Séries télé, hits du moment et bandes dessinées… Bienvenue en pop’philosophie ! Ce vaste continent dédié à la métaphysique du futile et de l’accessoire s’est imposé en une dizaine d’années à peine dans les maisons d’édition, les médias, les colloques et les festivals. Le principe consiste à entremêler concepts philosophiques et culture de masse, en posant des questions telles que : qu’est-ce que l’amour sur un site de rencontres ? Quel est le projet politique de Superman ? Existe-t-il une essence individuelle sous le rouge à lèvres et le mascara ?
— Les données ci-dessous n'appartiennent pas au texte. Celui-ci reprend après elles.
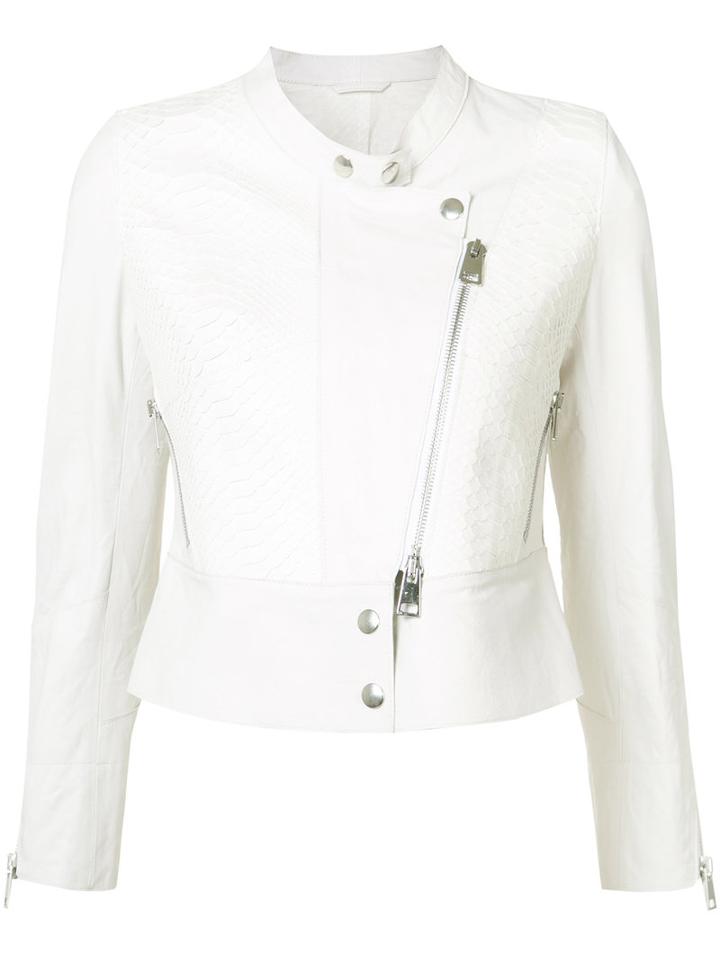 Sylvie Schimmel Collarless Biker Jacket, Women's, Size: 36, White, Lamb Skin/python Skin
Au premier abord, c’est tout simplement de la vulgarisation. Le pop’philosophe Thibaut de Saint Maurice 1 montre ainsi à ses élèves de terminale que la série Desperate Housewives peut les aider à comprendre la théorie du bonheur d’Arthur Schopenhauer. La démarche n’est d’ailleurs pas forcément nouvelle, puisque Platon encourageait déjà ses lecteurs à rechercher des vérités éternelles dans les objets banals ou même « grotesque – par exemple poil, boue, crasse, ou toute autre chose, même la plus dépréciée et la plus vile 2 ».
Plus près de nous, Jean-Paul Sartre s’appuyait également sur des exemples très « terre à terre » pour expliciter ses thèses sur L’Être et le Néant (1943) : l’attitude d’un garçon de café, d’une femme courtisée, d’un homme regardant par le trou de la serrure, etc. Cette pédagogie se retrouve aujourd’hui dans la pop’philosophie de Francis Métivier, fan de rock, ou de Sophie Chassat, plutôt portée sur la mode 3. S’ils poussent la vulgarisation un cran plus loin, leur but est d’adopter un ton décomplexé pour aider un large public à aborder des concepts difficiles.